In the years that followed, the Argentinian government passed laws that enshrined the civil rights of LGBTQ people, from marriage equality to gender expression. “Queer dancing was a social need,” says Balizano, an internationally known tango dancer who has performed in Germany, France, Denmark and even Russia, which is not known for LGBTQ rights. “When La Marshàll started, it was revolutionary, and existed long before those laws, so I think the fact spaces like ours existed was a big contribution.” Together, Docampo and Balizano founded the International Queer Tango Festival, an annual event that is now in its 14th year, and that attracts dancers from all over the world.
Sofìa Ceccioni, a sociologist at the University of Buenos Aires, has researched how queer tango is challenging old power structures. In a 2009 paper called “Tango Queer: Territory and Performances,” Ceccioni argued that classic tango conceived “the masculine as the active, the dynamic,” while the feminine “was associated with the passive and sacrificed.” The leading role reserved for men, the author went on, expresses a “socially passive position” for women. Queer tango has the power to move past this binary framework.
When she first stepped into tango, the singer Fifí Real did not expect to find a fully accepting space for her music.
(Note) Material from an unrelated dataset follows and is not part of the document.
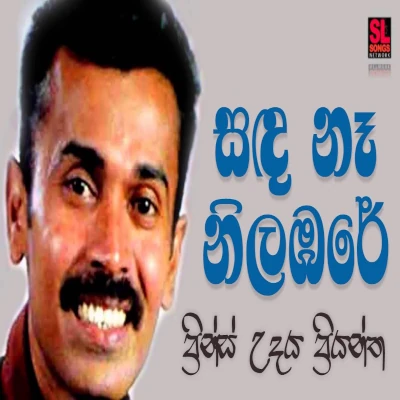 Sanda Na Nilambare mp3 songSanda Na Nilambare lyrics and karaoke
After the passage of Argentina’s civil rights laws, she exercised her right to affirm her gender identity on her government ID card. Since then, she has performed across the city, in spaces such as Tango Queer and the Maipo, one of the most glamorous theaters in the city. “For maricas, it was necessary to access traditional and popular music and tell our stories and realities there,” explains the 32-year-old artist, using a Spanish word for “queer” that was once derogatory, but has been reclaimed by LGBTQ communities. “I understood we could enter our popular music through tango, and that was critical for us.”
Milongas are always about more than just dance, and queer milongas are no different. “Many couples were formed here, many broke up,” Balizano says. “I found a partner in La Marshàll, and we broke up because of La Marshàll too! Our anniversaries are very touching.” The dance floor of Tango Queer was also a setting for romance. “We have had a lot of couples that ended in marriages,” Docampo says. “Some even came to marry at the milonga! There was a guy who asked for the other’s hand in front of all the people.”
Tango first emerged on the outskirts of the city, as the perfect poetic and musical medium for the outcast and marginalized to tell their stories. With this in mind, perhaps queer tango is just a new way of living up to the dance’s traditional roots. “The fact that we had shown we existed made many people understand: Tango cannot be conceived in a single way,” says Balizano. “In my opinion, this is the last great revolution made by tango.”
Recently, a 27-year-old tango lover named Martina Berardi tried to explain what the queer milonga La Furiosa means for her. “There’s no other place where I can feel what I feel when I dance here. It is like being myself, but being it in such a beautiful way,” she says. “Tango is a passion you could only understand when dancing, and dancing it in full freedom is a way of reaching the best expression of myself.”